これって、端から返す当てのないお金を借りる訳ですから、貸した企業は新たな犠牲者になるのです。
そして、更に追い込みを掛けると、生真面目な社長は自殺や夜逃げという最悪の結果となることもあります。
それでも経営者が法律家に依頼する資金があれば、破産という手続きも可能だと思いますが、これは法律を使った『踏み倒し』ということになります。
多くのご相談者の方は、借りたお金は返さなければならないと言いますが、破産してしまえば法律を使って踏み倒すことになりますので、結果、表面的な綺麗ごとでしかないということです。

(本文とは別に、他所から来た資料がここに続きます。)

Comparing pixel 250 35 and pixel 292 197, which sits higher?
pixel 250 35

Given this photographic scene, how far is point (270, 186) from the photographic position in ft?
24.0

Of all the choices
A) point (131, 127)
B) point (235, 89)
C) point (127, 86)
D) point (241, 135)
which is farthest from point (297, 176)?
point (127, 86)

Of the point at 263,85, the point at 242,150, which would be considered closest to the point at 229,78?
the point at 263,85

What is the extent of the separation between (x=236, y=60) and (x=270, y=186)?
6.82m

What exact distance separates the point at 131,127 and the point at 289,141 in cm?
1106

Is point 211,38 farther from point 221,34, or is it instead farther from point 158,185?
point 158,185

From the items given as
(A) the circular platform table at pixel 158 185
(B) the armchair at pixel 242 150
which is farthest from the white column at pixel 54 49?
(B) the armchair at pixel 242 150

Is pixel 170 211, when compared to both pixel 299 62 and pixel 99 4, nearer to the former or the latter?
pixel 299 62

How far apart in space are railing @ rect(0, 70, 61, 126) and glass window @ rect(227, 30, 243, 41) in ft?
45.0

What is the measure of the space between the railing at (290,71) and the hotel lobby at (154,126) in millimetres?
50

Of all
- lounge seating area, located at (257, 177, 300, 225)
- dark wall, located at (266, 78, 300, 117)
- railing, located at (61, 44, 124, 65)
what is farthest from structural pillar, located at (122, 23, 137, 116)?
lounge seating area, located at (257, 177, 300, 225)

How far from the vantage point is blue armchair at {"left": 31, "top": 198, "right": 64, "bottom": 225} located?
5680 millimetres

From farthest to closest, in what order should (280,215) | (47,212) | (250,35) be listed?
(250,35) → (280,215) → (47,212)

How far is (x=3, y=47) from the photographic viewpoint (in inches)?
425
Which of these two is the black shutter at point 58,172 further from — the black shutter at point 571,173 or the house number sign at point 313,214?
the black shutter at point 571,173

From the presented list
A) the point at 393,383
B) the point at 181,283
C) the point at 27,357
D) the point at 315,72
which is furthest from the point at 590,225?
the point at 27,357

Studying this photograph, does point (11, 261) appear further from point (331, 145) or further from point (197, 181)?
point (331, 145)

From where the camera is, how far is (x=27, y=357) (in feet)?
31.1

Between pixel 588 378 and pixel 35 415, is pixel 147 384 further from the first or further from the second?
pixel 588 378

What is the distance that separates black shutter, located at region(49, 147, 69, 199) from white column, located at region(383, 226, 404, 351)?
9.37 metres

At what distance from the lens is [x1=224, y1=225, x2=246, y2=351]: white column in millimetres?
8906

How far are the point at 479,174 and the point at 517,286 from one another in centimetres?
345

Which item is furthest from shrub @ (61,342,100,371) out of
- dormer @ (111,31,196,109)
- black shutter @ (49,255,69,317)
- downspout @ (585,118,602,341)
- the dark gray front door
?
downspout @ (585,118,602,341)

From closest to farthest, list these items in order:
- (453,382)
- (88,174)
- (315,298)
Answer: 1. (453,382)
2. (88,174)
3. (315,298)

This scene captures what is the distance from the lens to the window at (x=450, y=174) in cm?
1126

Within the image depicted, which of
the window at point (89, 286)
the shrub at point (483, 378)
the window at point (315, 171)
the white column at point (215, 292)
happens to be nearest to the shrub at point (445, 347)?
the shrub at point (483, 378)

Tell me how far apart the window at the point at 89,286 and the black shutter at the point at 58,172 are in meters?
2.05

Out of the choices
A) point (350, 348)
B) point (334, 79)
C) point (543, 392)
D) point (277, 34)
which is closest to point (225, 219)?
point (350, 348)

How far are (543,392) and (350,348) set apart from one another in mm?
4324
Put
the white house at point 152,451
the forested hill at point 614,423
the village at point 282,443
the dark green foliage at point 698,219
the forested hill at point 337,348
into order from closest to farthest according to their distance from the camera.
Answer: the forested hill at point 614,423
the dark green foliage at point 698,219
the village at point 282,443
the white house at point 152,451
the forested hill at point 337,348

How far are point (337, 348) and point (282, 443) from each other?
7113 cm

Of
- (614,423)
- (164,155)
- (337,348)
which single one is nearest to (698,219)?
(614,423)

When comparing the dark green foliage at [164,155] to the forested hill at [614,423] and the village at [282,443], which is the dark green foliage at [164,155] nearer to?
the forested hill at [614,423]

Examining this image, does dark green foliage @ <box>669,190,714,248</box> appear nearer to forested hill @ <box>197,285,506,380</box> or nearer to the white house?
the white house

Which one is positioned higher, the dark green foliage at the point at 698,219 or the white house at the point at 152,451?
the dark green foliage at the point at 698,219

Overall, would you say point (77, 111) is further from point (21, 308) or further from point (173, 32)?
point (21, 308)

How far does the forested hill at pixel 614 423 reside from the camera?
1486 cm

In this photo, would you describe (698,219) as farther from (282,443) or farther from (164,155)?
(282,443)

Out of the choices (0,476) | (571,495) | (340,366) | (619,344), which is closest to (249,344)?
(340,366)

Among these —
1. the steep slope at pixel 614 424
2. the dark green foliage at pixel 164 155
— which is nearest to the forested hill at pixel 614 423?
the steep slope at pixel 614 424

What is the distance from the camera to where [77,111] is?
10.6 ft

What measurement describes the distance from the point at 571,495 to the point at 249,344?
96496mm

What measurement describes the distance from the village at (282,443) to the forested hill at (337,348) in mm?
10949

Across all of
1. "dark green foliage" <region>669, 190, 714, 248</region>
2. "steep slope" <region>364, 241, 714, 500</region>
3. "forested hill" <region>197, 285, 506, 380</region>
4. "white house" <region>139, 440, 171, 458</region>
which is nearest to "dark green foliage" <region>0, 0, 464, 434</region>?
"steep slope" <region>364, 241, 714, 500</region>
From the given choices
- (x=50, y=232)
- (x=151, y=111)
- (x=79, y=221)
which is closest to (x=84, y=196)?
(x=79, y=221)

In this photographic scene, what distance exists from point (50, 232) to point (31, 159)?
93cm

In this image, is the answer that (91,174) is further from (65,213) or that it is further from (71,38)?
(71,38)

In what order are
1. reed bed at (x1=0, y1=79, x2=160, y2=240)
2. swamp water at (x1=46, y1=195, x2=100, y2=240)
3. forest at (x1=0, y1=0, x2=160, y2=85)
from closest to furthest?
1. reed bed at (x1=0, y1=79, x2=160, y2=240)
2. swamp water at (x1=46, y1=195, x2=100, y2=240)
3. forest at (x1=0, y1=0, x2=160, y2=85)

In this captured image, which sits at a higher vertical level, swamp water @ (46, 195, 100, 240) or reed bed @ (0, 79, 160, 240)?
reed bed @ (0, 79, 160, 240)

それでも金融機関や貸金業者などでは商売としてお金を貸しているので、ある程度の貸し倒れは見込んでいますが、従業員や取引先、身内や知人などにおいては、信頼関係で協力してくれているのですから、絶対に迷惑を掛けるべきではありません。
また、もし破産すれば借金は無くなりますが、それ以降の人生再建は非常に困難なものとなることを覚悟しなければなりません。
『借りたお金は返すのが当たり前』だということに対しては、決して返さないと言っているんではなく、『今直ぐには契約通り返すことができない』ということなのです。
破産して踏み倒す道を選択するのか、今は返せないけれど事業を立て直しして利益を得てから返済するという道を選択するのかは経営者次第です。
破産して逃げるのは簡単ですが、それからの人生再建が大変なことになりますので、経営者の責務として立ち向かう勇気が必要なのではないでしょうか。